Air: Der große Wurf

Air

USA 2023 · 112 min. · FSK: ab 6
Regie: Ben Affleck
Drehbuch:
Kamera: Robert Richardson
Schnitt: William Goldenberg
Darsteller: Matt Damon, Jason Bateman, Ben Affleck, Marlon Wayans, Chris Messina u.a.
Filmszene »Air: Der große Wurf«
Wer nicht wagt, der nicht gewinnt...
(Foto: Warner Bros.)

Das menschliche Monster

Ben Afflecks großer Ensemble- und Sportfilm ist vordergründig ein Hohelied auf die Kreativität des kapitalistischen Systems, ist aber weit mehr als das

„Break the rules.“ – Unter­neh­mens­grund­satz Nike Inc., 1984

Es tut einfach nur weh. Zumindest wenn es um die Produk­tion von Spiel­filmen geht, in denen auf die eine oder andere Weise Sport thema­ti­siert wird. Anders als in den USA, wo jede Leit­sportart konti­nu­ier­lich auch mit anspruchs­vollem, gesell­schafts­re­le­vantem Filmstoff unter­füt­tert wird – man denke nur an Produk­tionen wie Moneyball (Baseball), White Men can’t jump (Basket­ball) oder Jerry Maguire (Football) – ist Deutsch­land in dieser Hinsicht schlichtweg Entwick­lungs­land. Bis auf Marcus H. Rosen­mül­lers Trautmann (2018) ist da in den letzten Jahren kaum etwas gewesen.

Dabei lässt sich ja gerade aus dem Kleinen das Große ganz besonders gut illus­trieren, erzählt jeder Sportfilm mehr über die Mecha­nismen einer Gesell­schaft als so mancher Film, der das Große mit noch Größerem erklären will, so wie kürzlich Damien Chazelles Babylon, der schon im Titel mit Großhu­berei statt Vernunft agiert.

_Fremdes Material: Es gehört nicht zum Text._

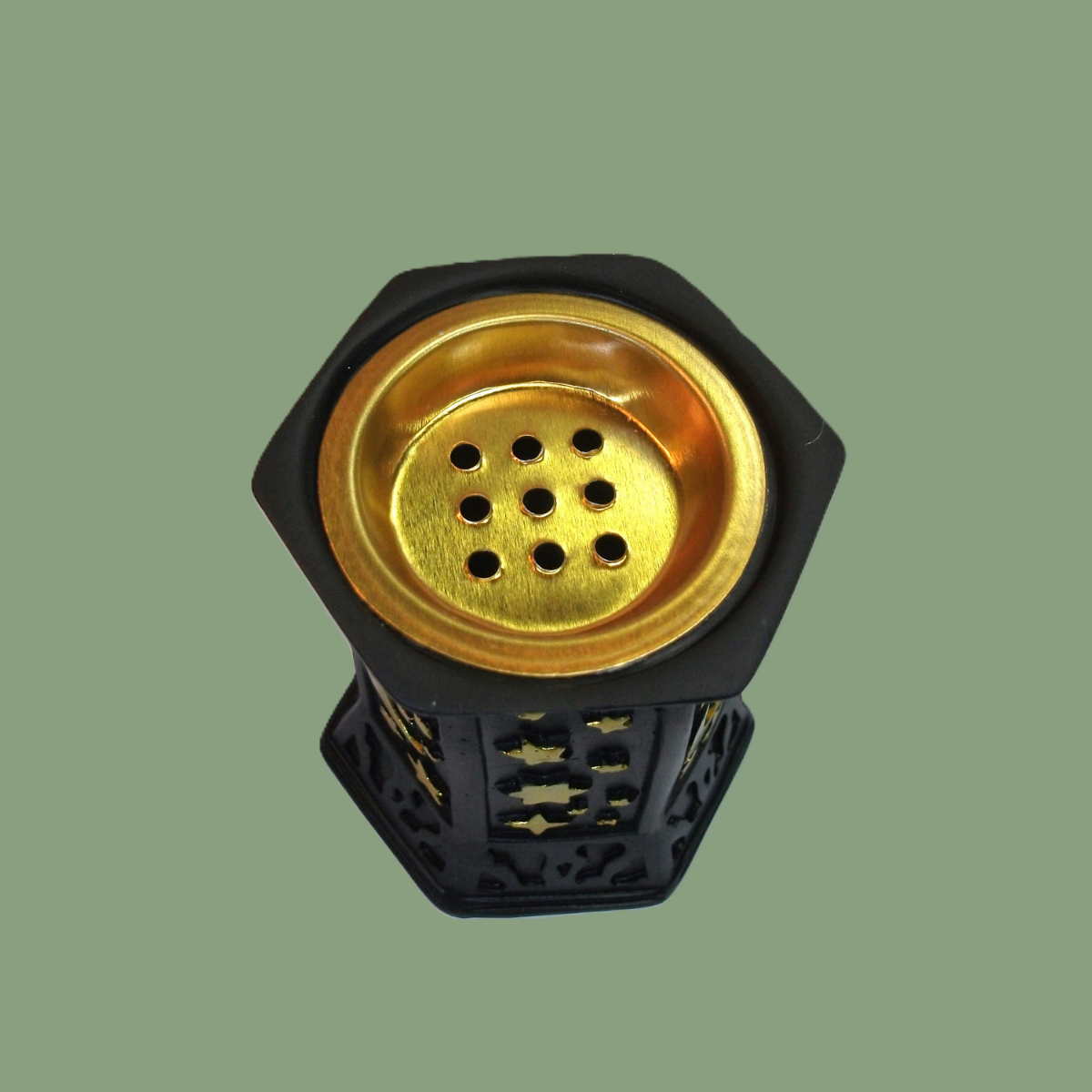Brûleur d'Encens Noir Hexagramme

Was für ein Glück deshalb, dass es Filme wie Air: Der große Wurf von Ben Affleck gibt, der sich einfach das Drehbuch von Alex Convery schnappte, das 2021 unter dem Titel »Air Jordan« auf der legen­dären Black List der besten unver­filmten Ideen Holly­woods gelandet war, um es mit Matt Damon zu über­ar­beiten und einen, ja genau: Sportfilm über das wirt­schaft­liche Herz der Basket­ball­in­dus­trie zu produ­zieren, in dem beide dann auch Haupt­rollen über­nahmen, Ben Affleck die des Nike-Gründers Phil Knight und Matt Damon die des damaligen Nike Execu­tives der Basket­ball-Sektion, Sonny Vaccaro.

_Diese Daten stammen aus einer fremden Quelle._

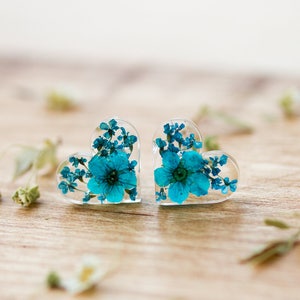 Real Flower Earrings / Blue Hearts / Sterling Silver / Something Blue / Resin Jewellery / Gifts for Her / Gifts for Sister / Bridal Jewelry image 4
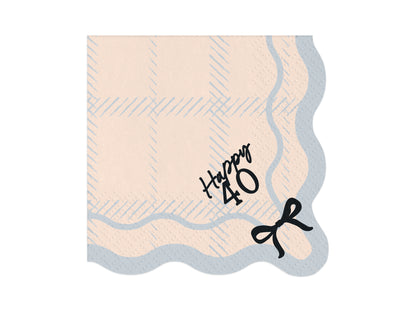 Happy 40 scalloped paper napkin with blue plaid design and black bow, perfect for milestone birthday celebrations, available in Toronto and shipping across Canada.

Das Damals ist das Jahr 1984, als Nike unter Phil Knight zwar schon erfolg­reich die Strategie umgesetzt hatte, Sport­per­sön­lich­keiten an die Marke zu binden, aber im Basket­ball nach Converse und vor allem Adidas weit abge­schlagen auf Platz 3 landete und es erste Über­le­gungen gab, die Basket­ball­linie ganz aufzu­geben.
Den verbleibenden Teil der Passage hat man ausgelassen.